▶ [TASK INSTRUCTIONS]:
When the line with "Carborade Recovery Bar 40 g Peanut Caramel" comes up, set it down and every later line to the end of the data, exactly and without pictures.

▶ [DATA TO PROCESS]:

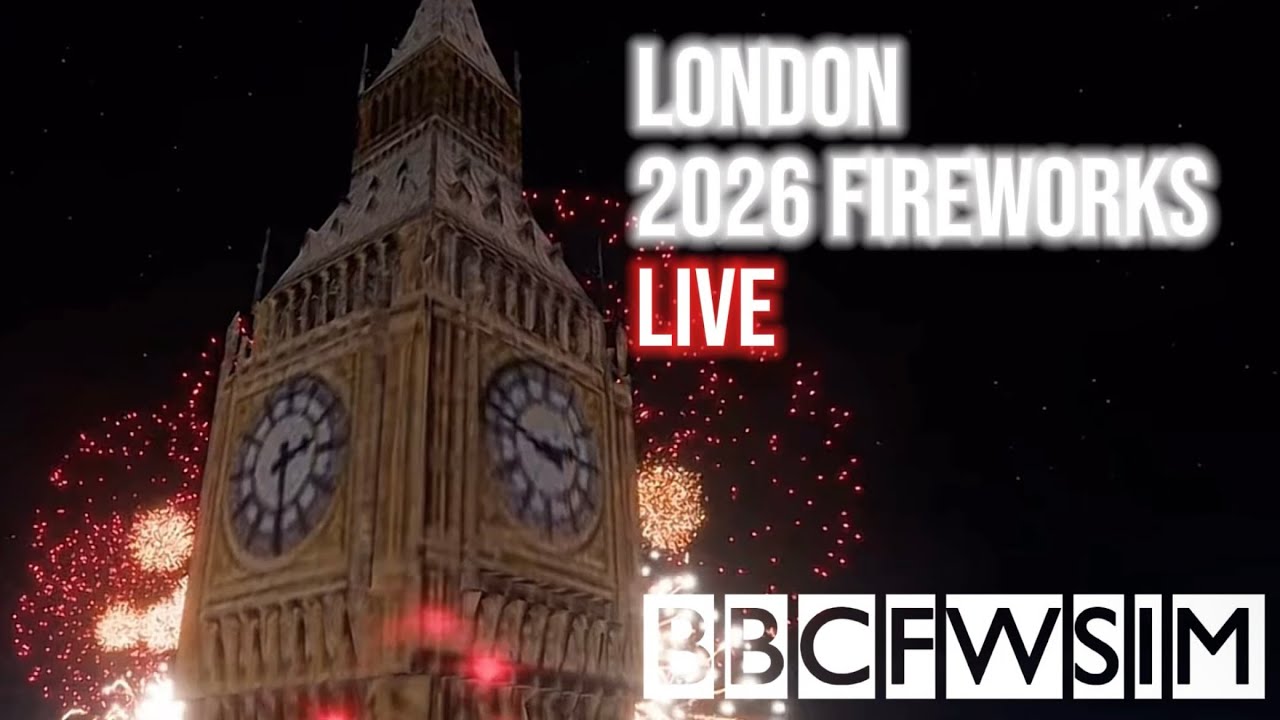 London Fireworks 2026 FWSIM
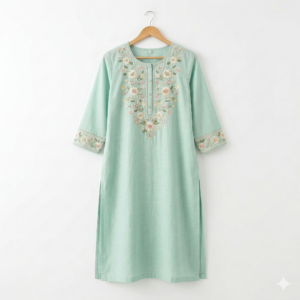 Home dark brown jeans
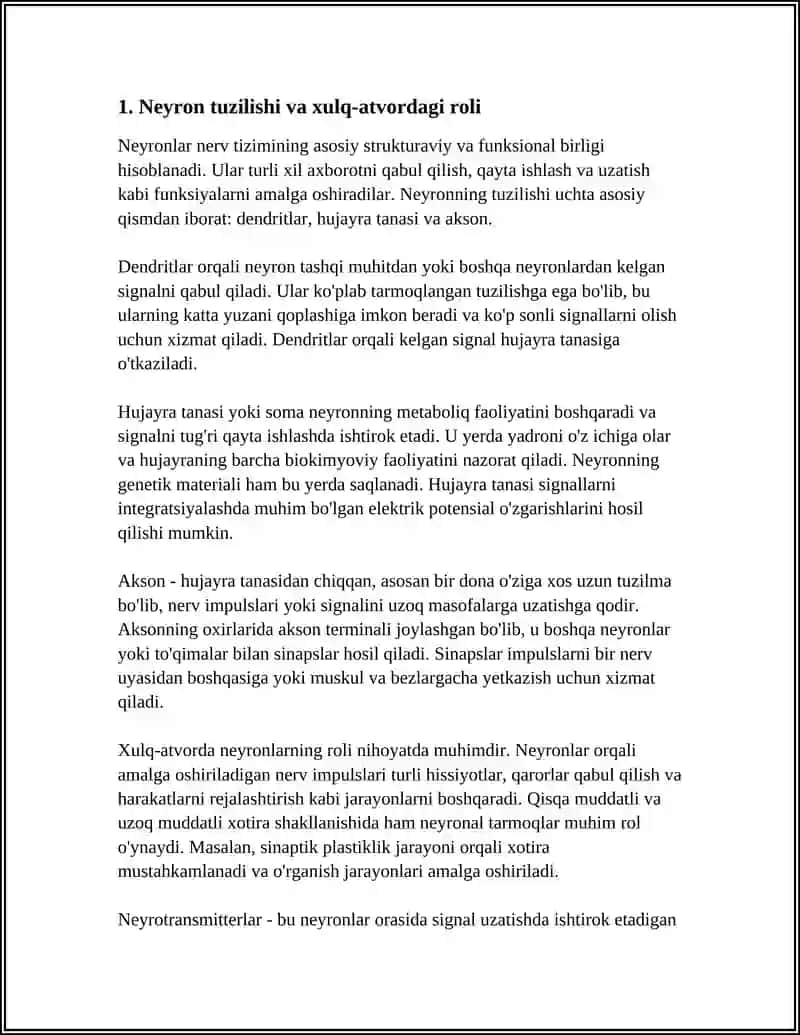 XULQ-ATVORNING NERV-FIZIOLOGIK ASOSLARI 3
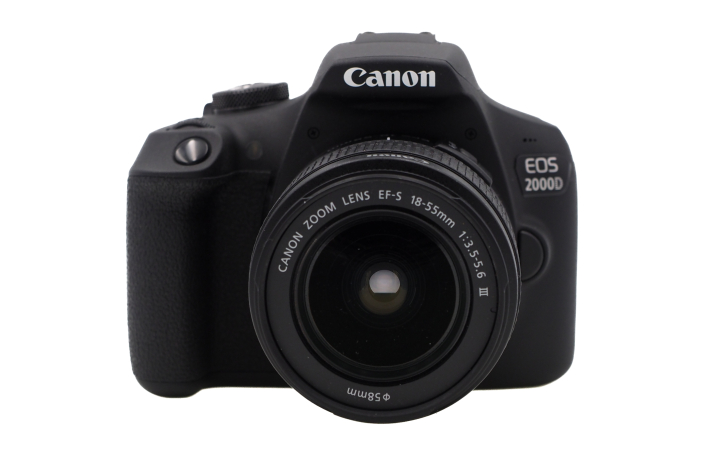 Canon EOS 2000D + EF-S 18-55 III - gebraucht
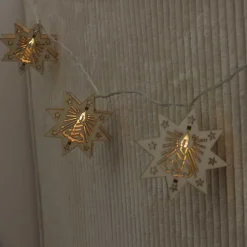 Guirlande lumineuse tradition étoiles - Chromex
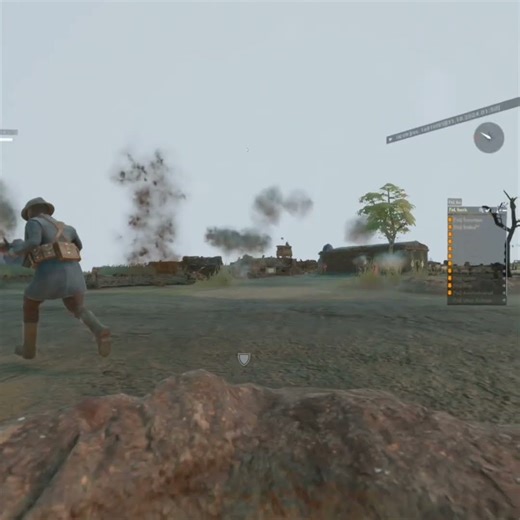 FOXHOLE VR (W/UEVR) Weapon sights partially work!!! #vr #gaming #foxholegame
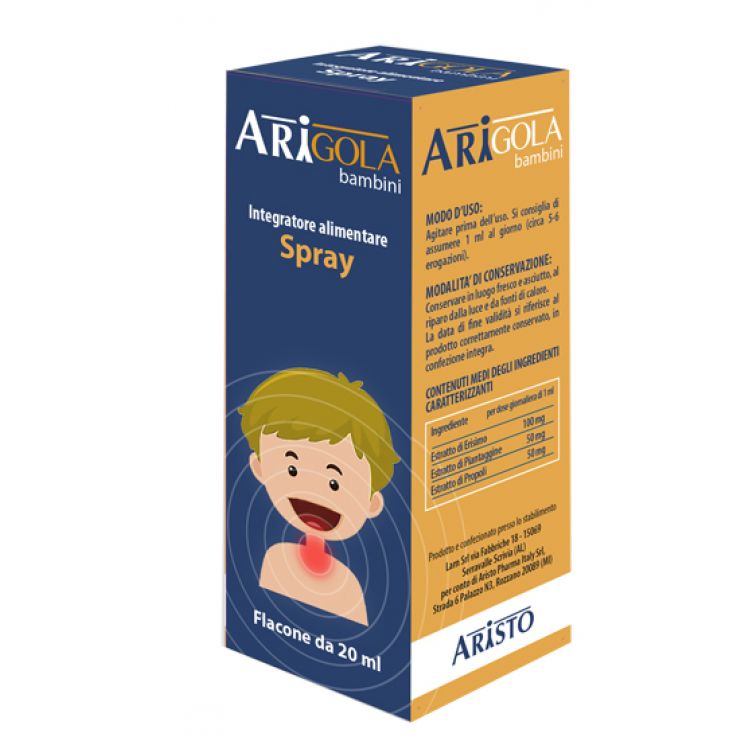 Arigola Bambini Spray 20ml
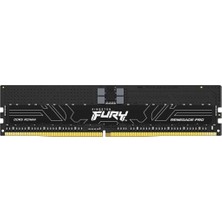 Kingston 32GB (1X32GB) Ddr5 6400MT/S CL32 Fury Renegade Pro Rdımm Black Xmp Siyah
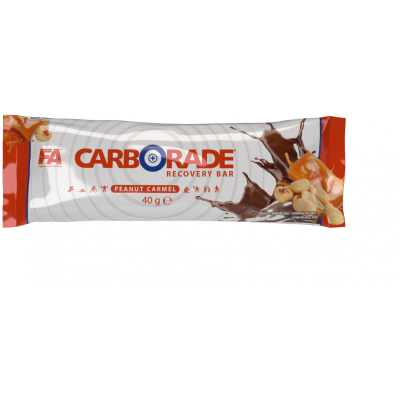 Carborade Recovery Bar 40 g Peanut Caramel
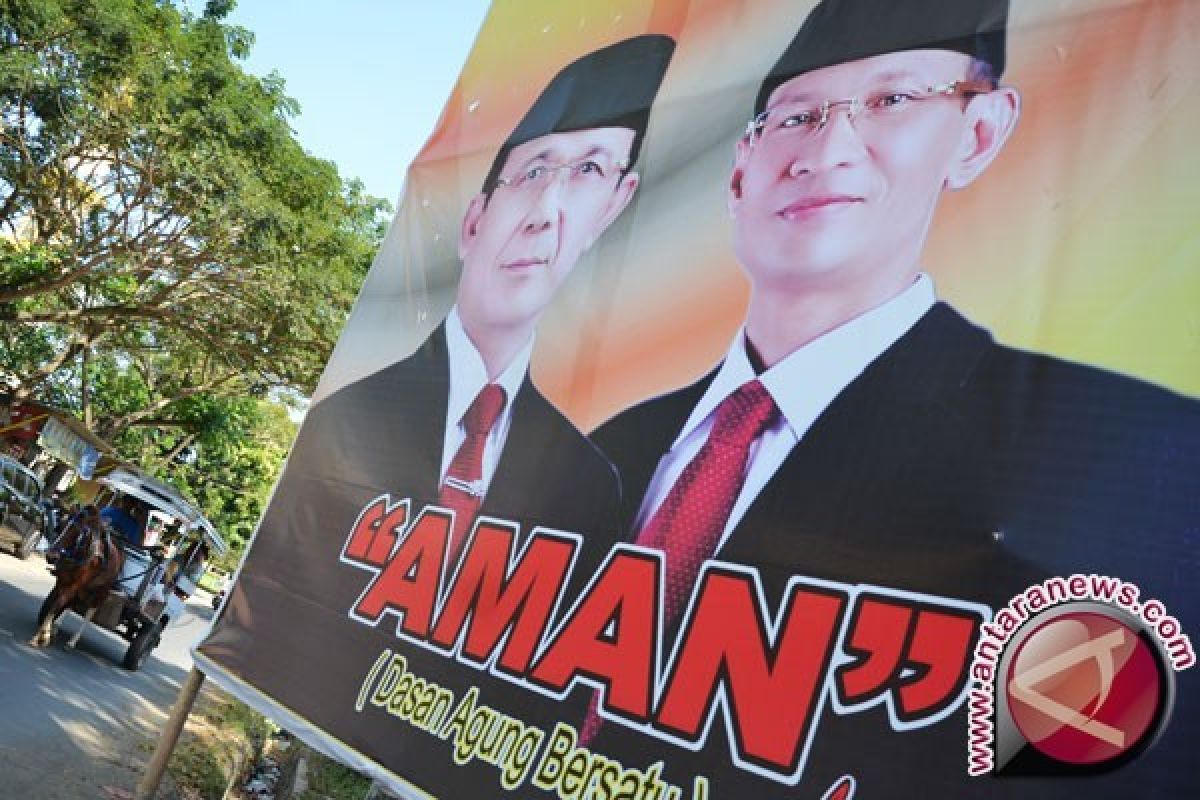 "AMAN" calon tunggal Pilkada Kota Mataram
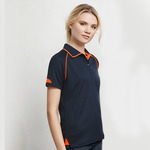 Womens Fusion Polo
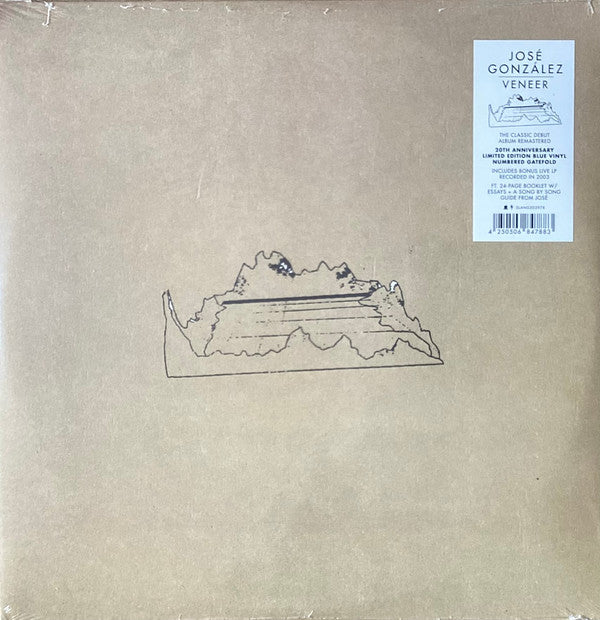 José González : Veneer (2xLP, Dlx, Ltd, Num, 20t)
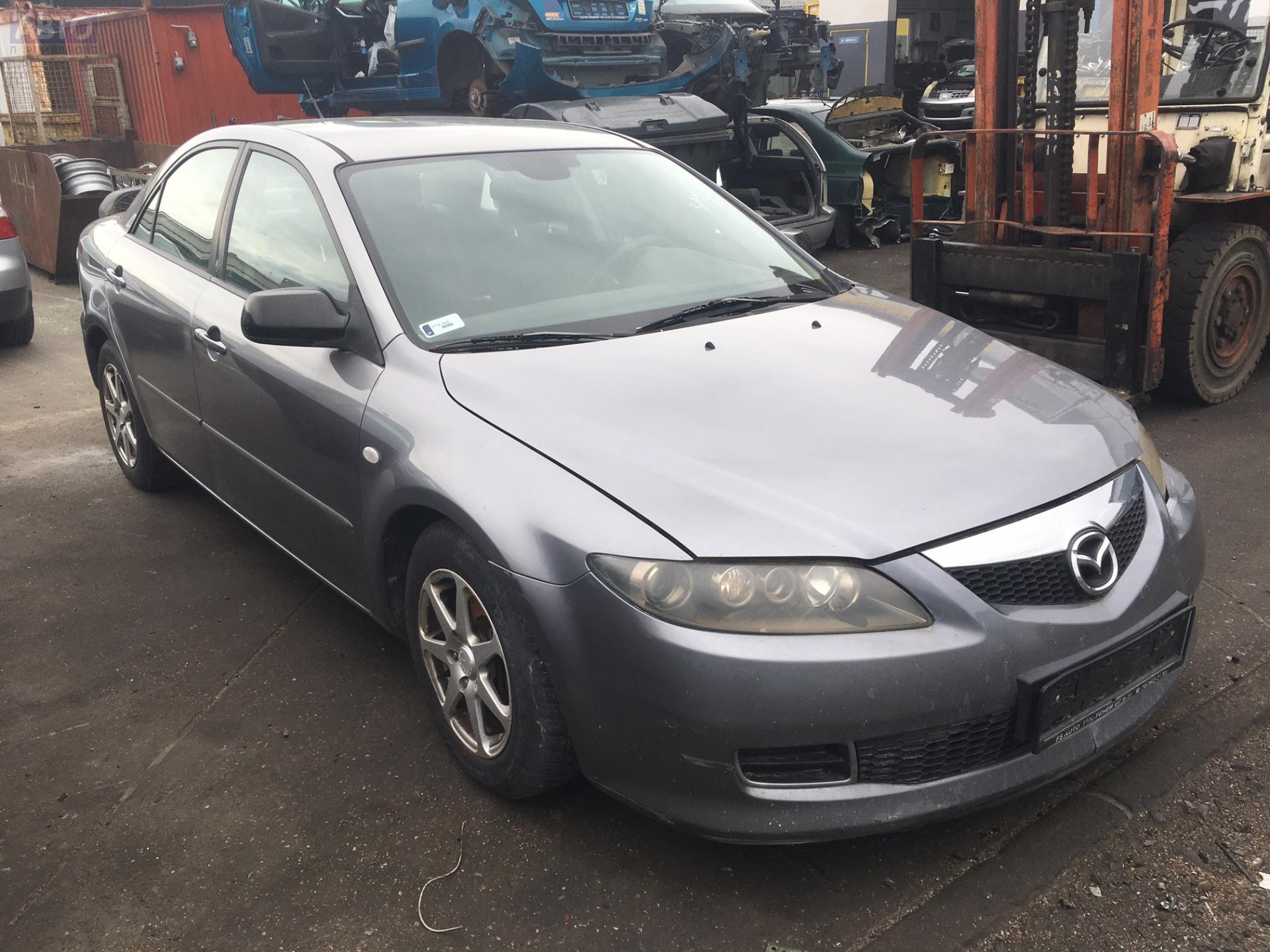 GJ6A50811 Накладка подсветки номера для Mazda 6 GG/GY бу, 2005, купить в РФ  с разборки из Европы, 54339592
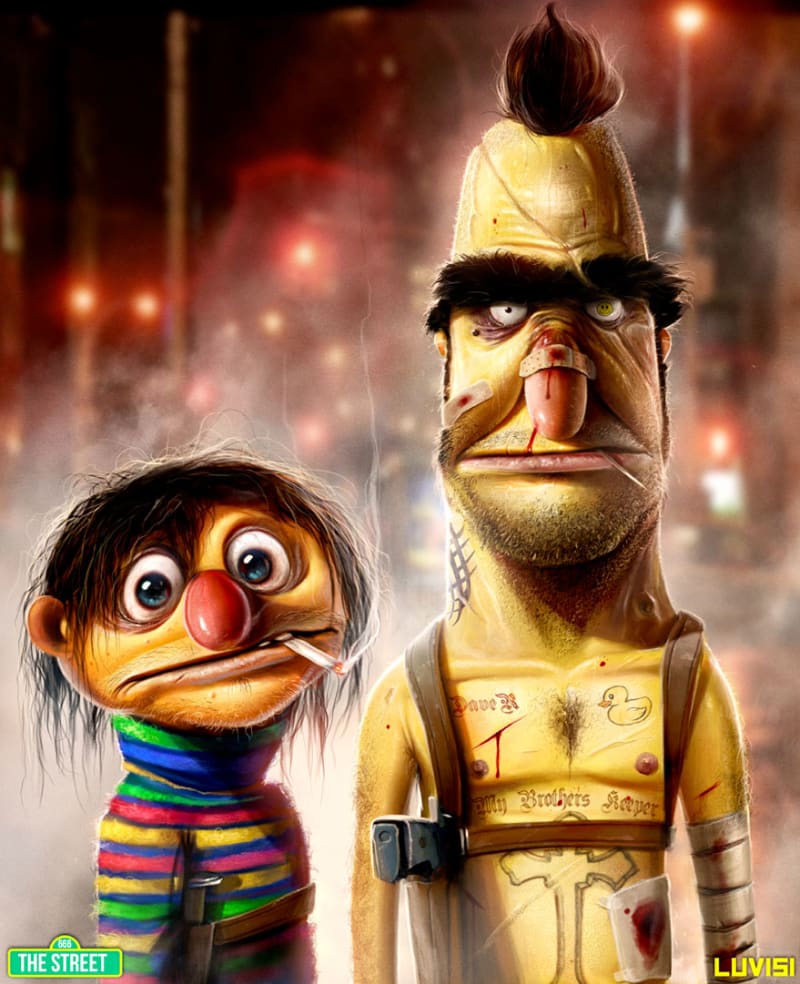 Ernie a Bert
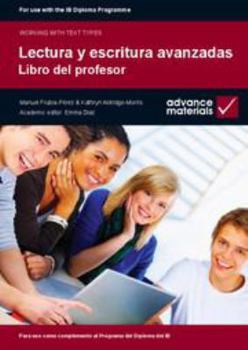 Paperback Lectura Y Escritura Avanzadas Teacher's Book [Spanish] Book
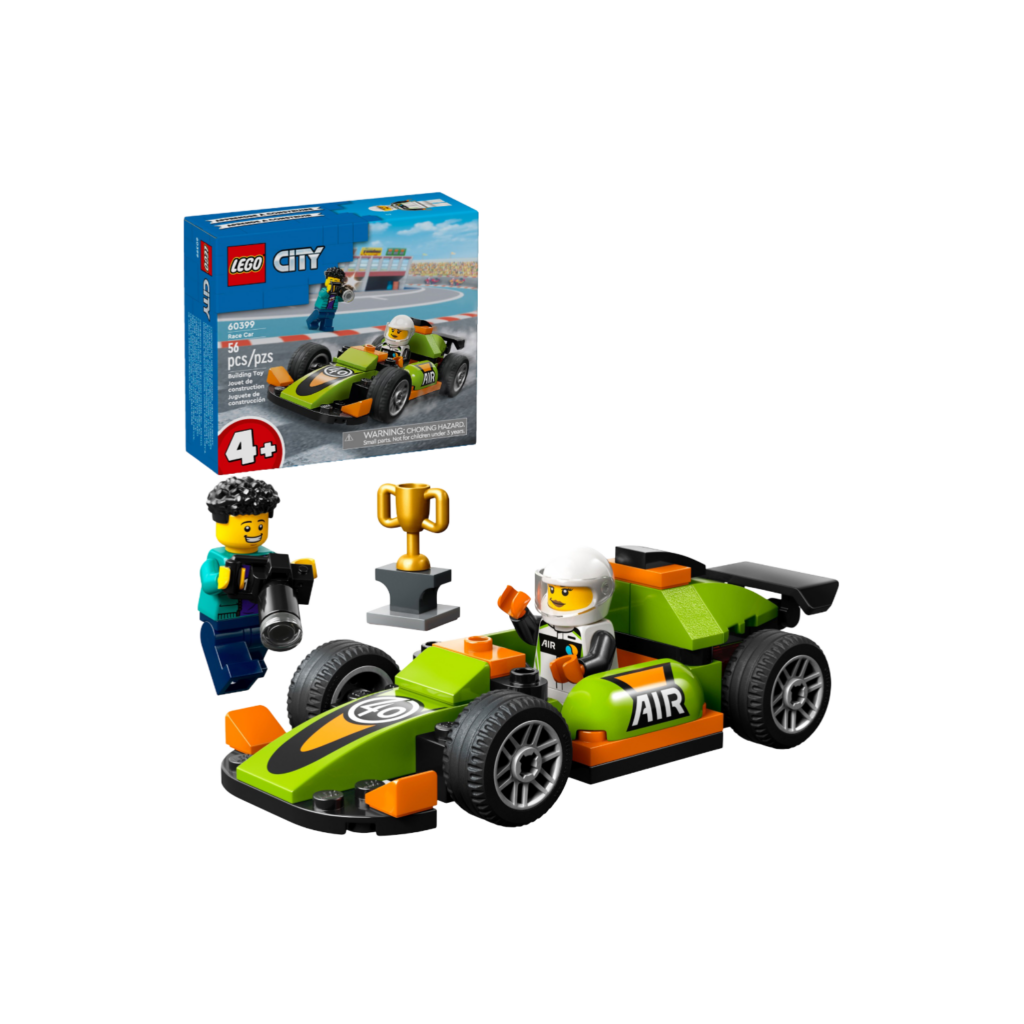 Lego 60399 Green Race Car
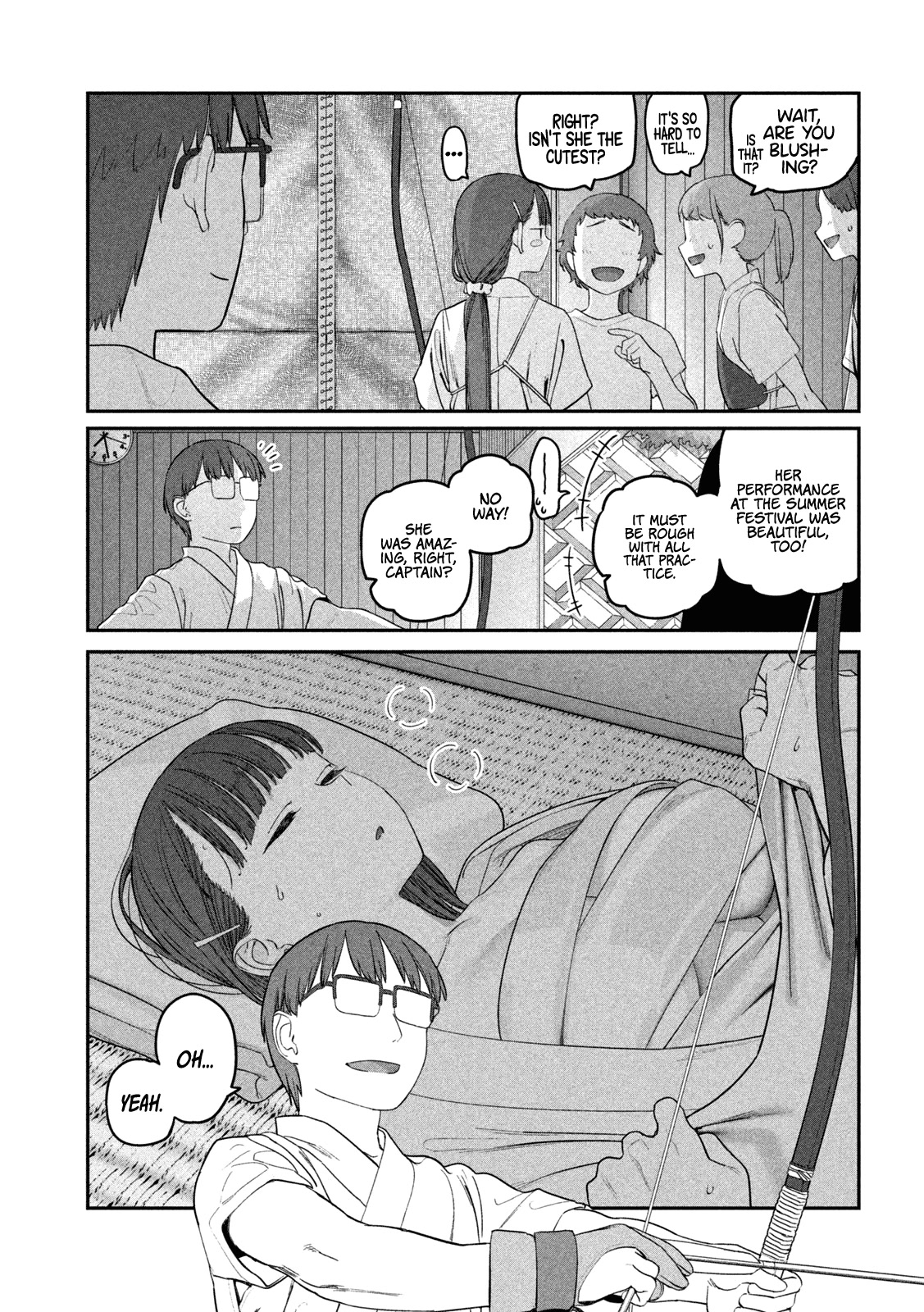 Getsuyoubi no Tawawa (Serialization) Chapter 50 page 3 - Chapter 50: Jitome-chan, Part 2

▶ [RESULT FOR THIS TASK]:
 Carborade Recovery Bar 40 g Peanut Caramel
 "AMAN" calon tunggal Pilkada Kota Mataram
 Womens Fusion Polo
 José González : Veneer (2xLP, Dlx, Ltd, Num, 20t)
 GJ6A50811 Накладка подсветки номера для Mazda 6 GG/GY бу, 2005, купить в РФ  с разборки из Европы, 54339592
 Ernie a Bert
 Paperback Lectura Y Escritura Avanzadas Teacher's Book [Spanish] Book
 Lego 60399 Green Race Car
 Getsuyoubi no Tawawa (Serialization) Chapter 50 page 3 - Chapter 50: Jitome-chan, Part 2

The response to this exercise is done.